▶ [YOUR INSTRUCTIONS]:
Make an exact copy, without pictures, of the lines below from the one containing "2302 NE 37th" to the last line, both ends included.
─── PROVIDED MATERIAL
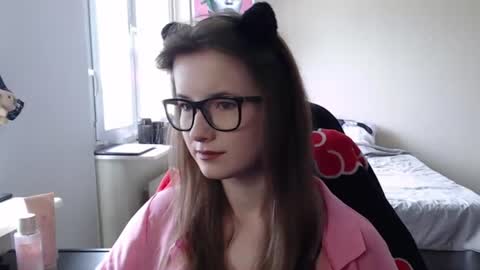 LunaXcherry online show from June 13, 11:08 am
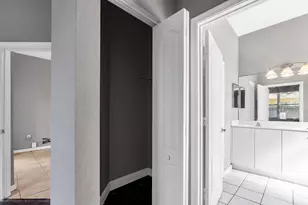 2302 NE 37th Rd, Homestead, FL 33033 - Photo 25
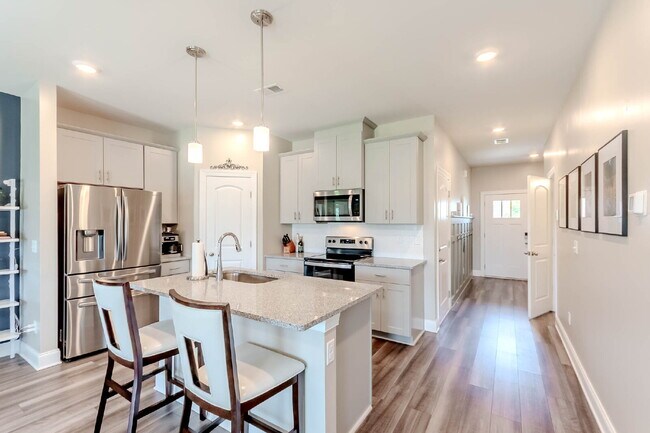 Foto del edificio - 3/2.5 Townhome w/ Garage. Great Location!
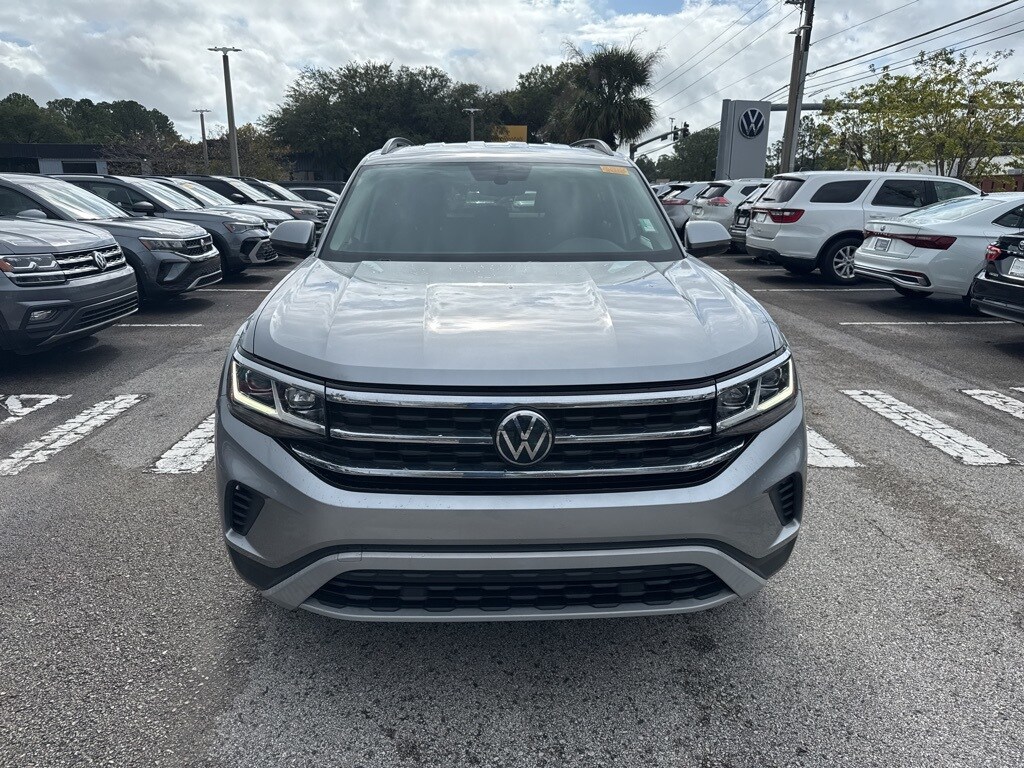 2023 Volkswagen Atlas SE photo 2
──────
▶ [SOLUTION TO THIS EXERCISE]:
 2302 NE 37th Rd, Homestead, FL 33033 - Photo 25
 Foto del edificio - 3/2.5 Townhome w/ Garage. Great Location!
 2023 Volkswagen Atlas SE photo 2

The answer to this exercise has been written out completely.